━━━━━ Data for processing ━━━━━
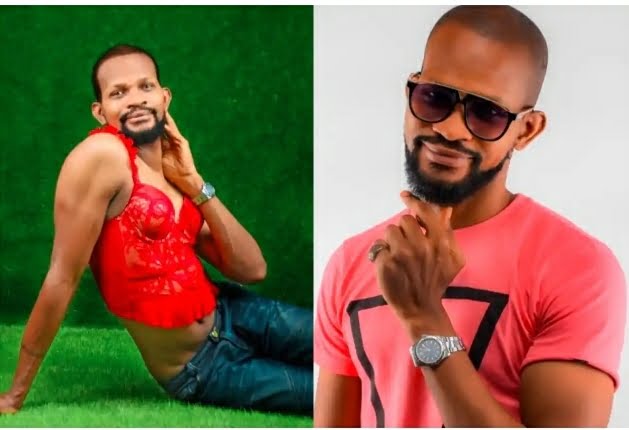 Uche Maduagwu Calls On The EFCC To Invite General Overseers Who Own Private Jets Without Any Business Empire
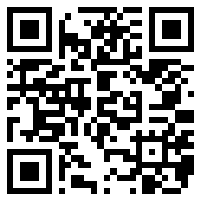 QR Code for bitcoin:32d3zWwjGLwcffg81XKRSBi8sa1vYymEMp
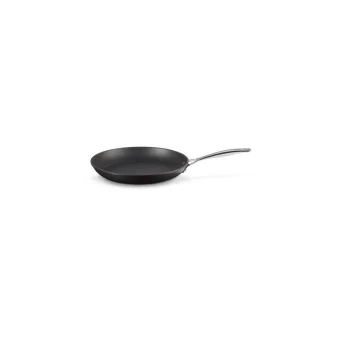 Le Creuset Τηγάνι από Αλουμίνιο με Αντικολλητική Επίστρωση 30cm 51112300010002
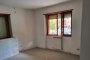 Apartment with uncovered parking space in Corciano (PG) - LOT 2 6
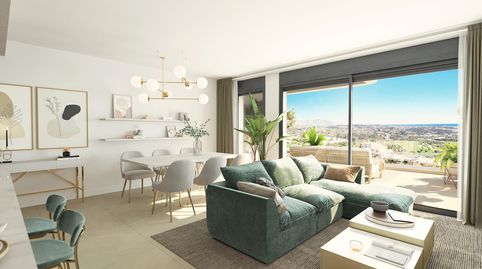 Magnificos apartamentos con vistas a una de las mejores playas de España., imatge 3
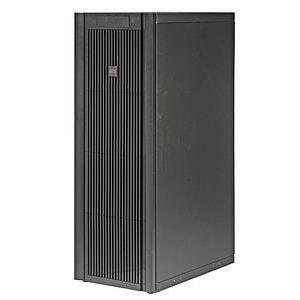 Smart-UPS VT Extended Battery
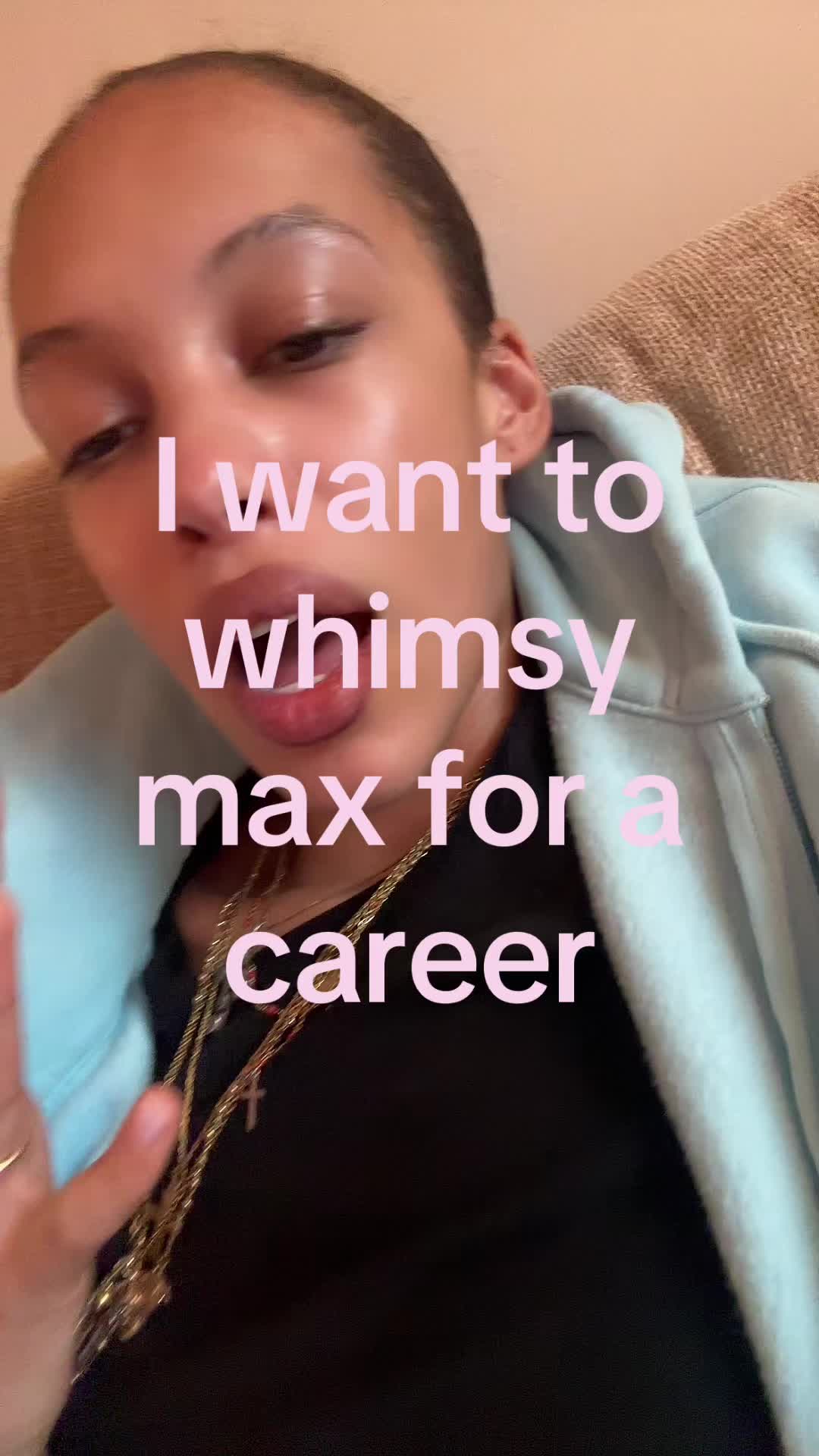 @TYRAAAAA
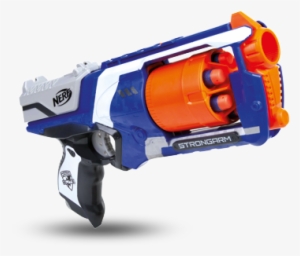 Witamy Na Stronie Nerf Cup - Nerf #1861234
━━━━━
> **What the task requires**
Would you reproduce the lines from the one with "Smart-UPS VT Extended Battery" through the final line of the data above, exactly and only those, without any pictures?

> **Exercise answer**
 Smart-UPS VT Extended Battery
 @TYRAAAAA
 Witamy Na Stronie Nerf Cup - Nerf #1861234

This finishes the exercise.